The overall state of mind in most of the former USSR could be defined as follows: better have a Boris Gudonov in place for all his faults than no one in place to impose limits on economic usurpation. People do not seem to have forgotten that in the previous century two dramatic world wars broke out not between Europe’s enlightened democracies and the despotic orient but among the former’s members themselves. This, of course, is not to say that the latter are the obvious remedy against socioeconomic abuses. In the Far East, so-called tiger states do have authoritarian regimes but they operate by and large with their local industrial and financial elites, leaving the bulk of the population in a hopeless state of collective misery. Revolutions against paternalistic regimes in the Middle East explain that to a very broad extent indeed.

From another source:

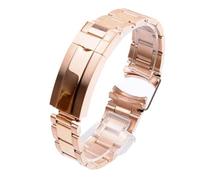 LQXHZ Montre Bracelet Compatible With Rolex Daytona Water Ghost Submariner Accessoires Accessoires Bande Chaîne 20mm 21mm Sangle de montre en acier inoxydable solide(Rose Gold,20mm With Logo)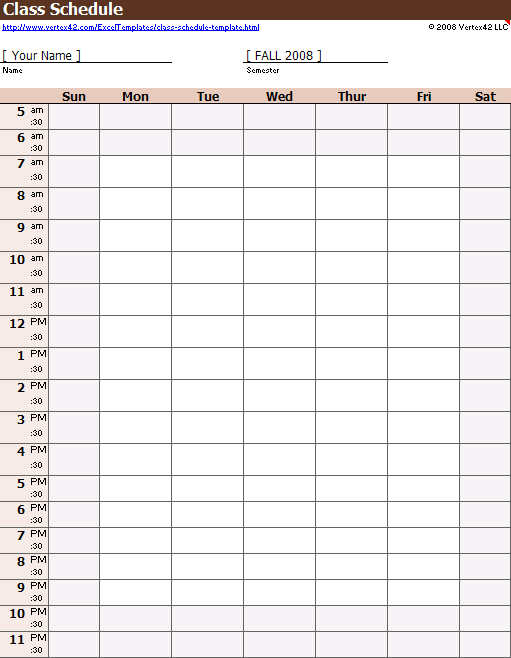 93 Create Blank Class Schedule Template Maker for Blank Class Schedule Template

The fact that this can only improve by collective response rather than calls for new interventions of authoritarian character has gained little ground anywhere between Minsk and Singapore. This, as a result, leaves the door wide open for cowboy entrepreneurs ready to take their chance within the old but still current deadlock between “liberal” and “social” forces on the ground. This, in turn, makes the story of Ablyazov double worth studying. It illustrates the urgent need for a widespread notion that democracy is not equivalent to laissez-faire, and that thereby his pretences displayed in the so-called Free Democratic Choice have been false from beginning to end. In the minds of both western champions of so-called free entrepreneurship and post-Soviet oligarchs, there is only cut-throat competition and shark financing. Therefore, those who criticise the likes of Vladimir Putin could well be right in so far some of his methods are concerned. Where the overall goal is concerned, there can be no mistake: lifting the boundaries of people’s socioeconomic rights and the room for those rights to materialise for the entire population would only facilitate the world’s neo-boyars from plunging the world into a new age of widespread misery once more.